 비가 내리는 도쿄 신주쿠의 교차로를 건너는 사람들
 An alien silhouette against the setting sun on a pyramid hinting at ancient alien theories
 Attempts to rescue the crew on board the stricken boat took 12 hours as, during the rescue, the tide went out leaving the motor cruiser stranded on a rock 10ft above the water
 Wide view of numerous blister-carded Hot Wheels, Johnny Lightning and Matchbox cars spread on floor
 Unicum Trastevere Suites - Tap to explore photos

#####

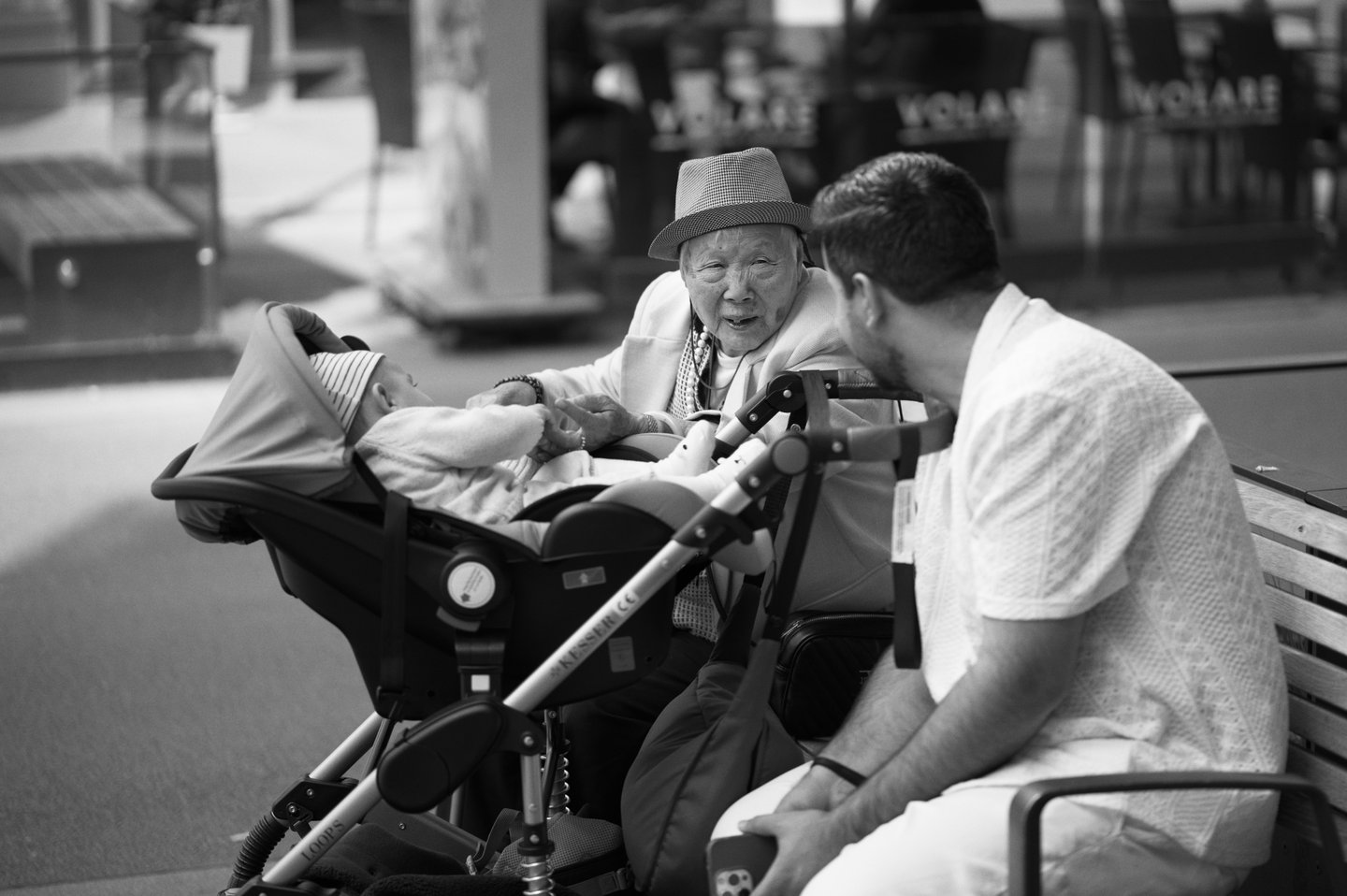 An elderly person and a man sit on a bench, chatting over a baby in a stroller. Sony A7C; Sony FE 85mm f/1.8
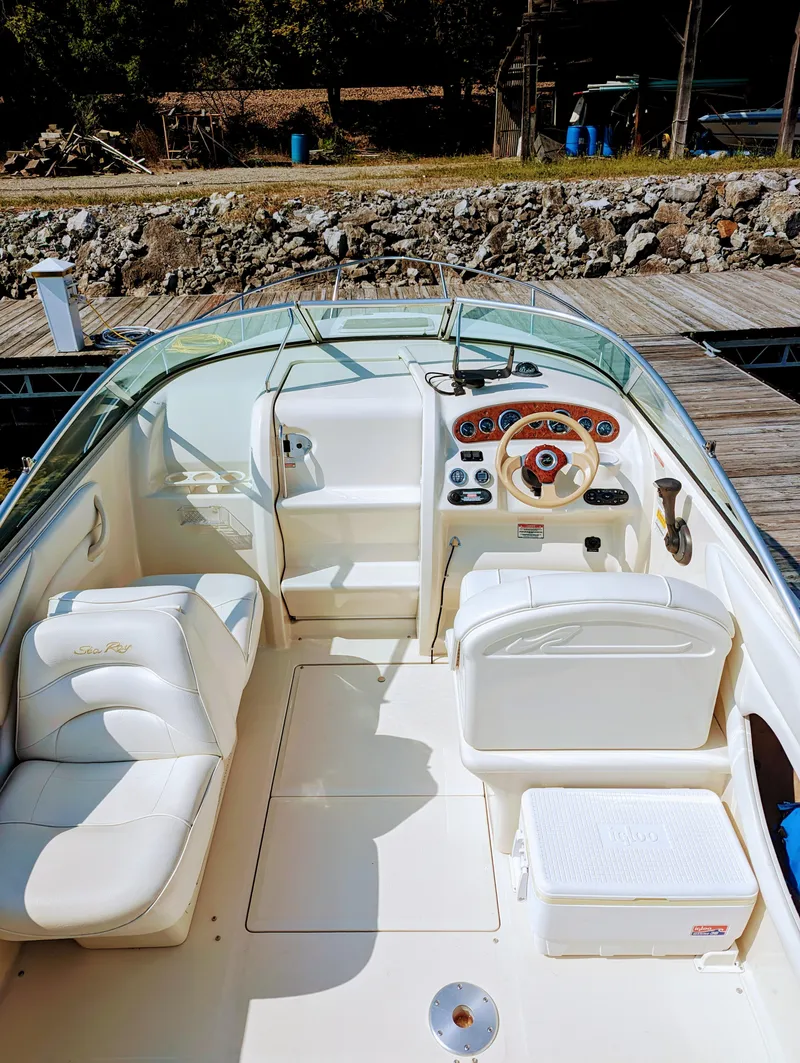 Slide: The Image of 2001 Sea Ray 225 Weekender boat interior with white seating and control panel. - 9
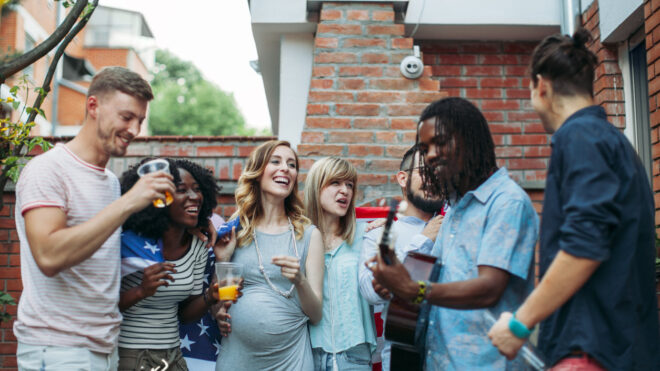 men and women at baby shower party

#####

TO DO:
All lines above between those holding "Wide view of" and "Unicum Trastevere Suites", inclusive, must be set down unchanged, and no other line may be included.

SOLUTION TO THIS EXERCISE:
 Wide view of numerous blister-carded Hot Wheels, Johnny Lightning and Matchbox cars spread on floor
 Unicum Trastevere Suites - Tap to explore photos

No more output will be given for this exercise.